Required action: Could you give back exactly the lines below from the one with "How to replace" through the one with "果物と焼き芋と焼きかぼちゃのバイキング-レシピのメイン写真", without a single picture?

Given records:
---*---
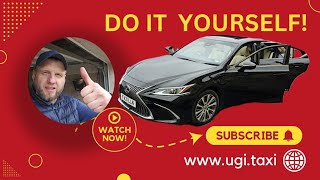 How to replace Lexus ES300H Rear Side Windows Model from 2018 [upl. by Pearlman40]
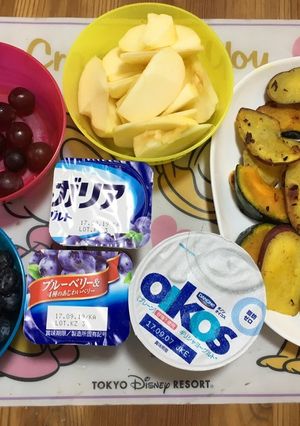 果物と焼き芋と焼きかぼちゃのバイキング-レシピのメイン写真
---*---
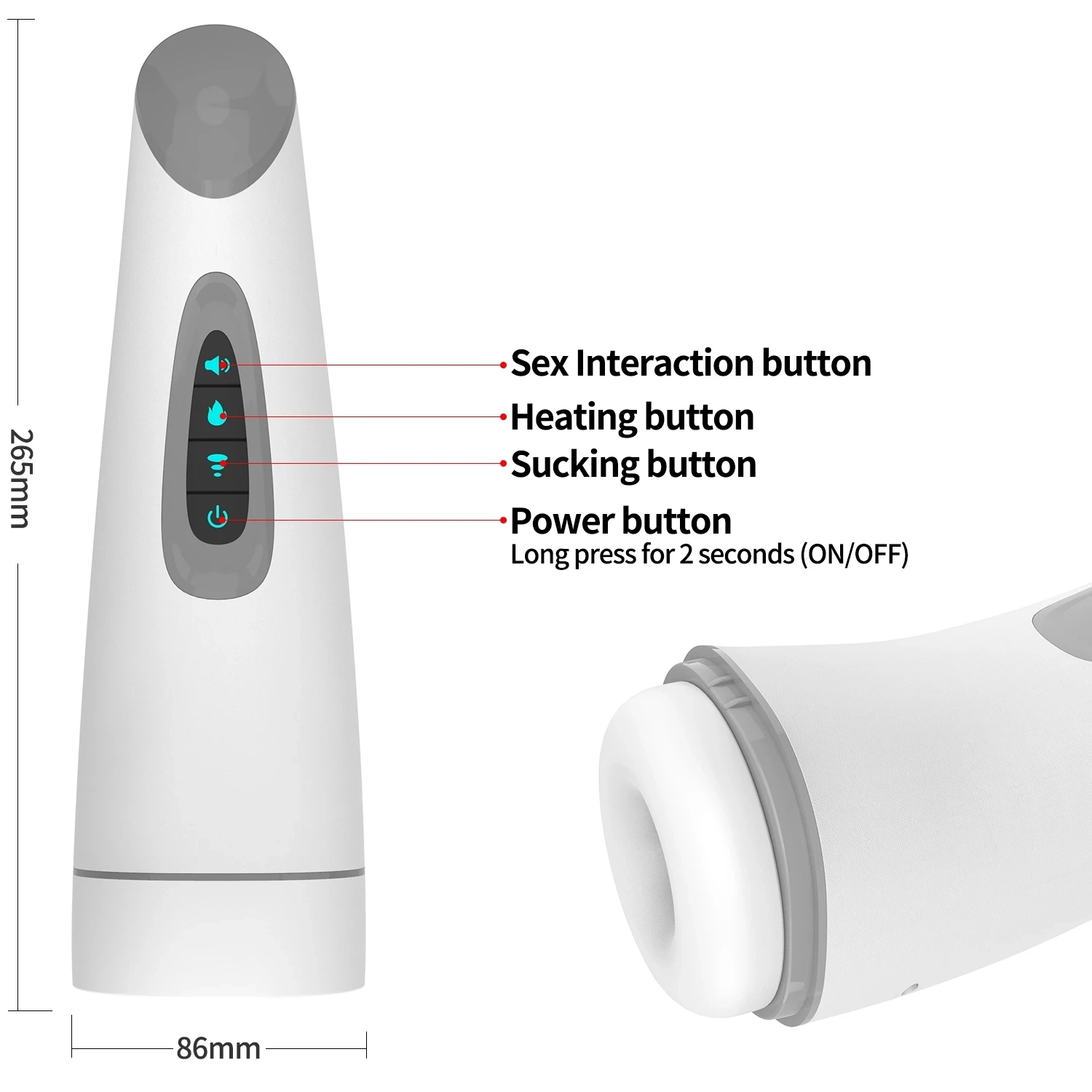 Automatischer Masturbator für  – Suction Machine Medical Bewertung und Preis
---*---
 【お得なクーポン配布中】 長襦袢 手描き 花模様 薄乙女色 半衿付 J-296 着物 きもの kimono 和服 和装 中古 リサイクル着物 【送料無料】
---*---
Exercise result:
 How to replace Lexus ES300H Rear Side Windows Model from 2018 [upl. by Pearlman40]
 果物と焼き芋と焼きかぼちゃのバイキング-レシピのメイン写真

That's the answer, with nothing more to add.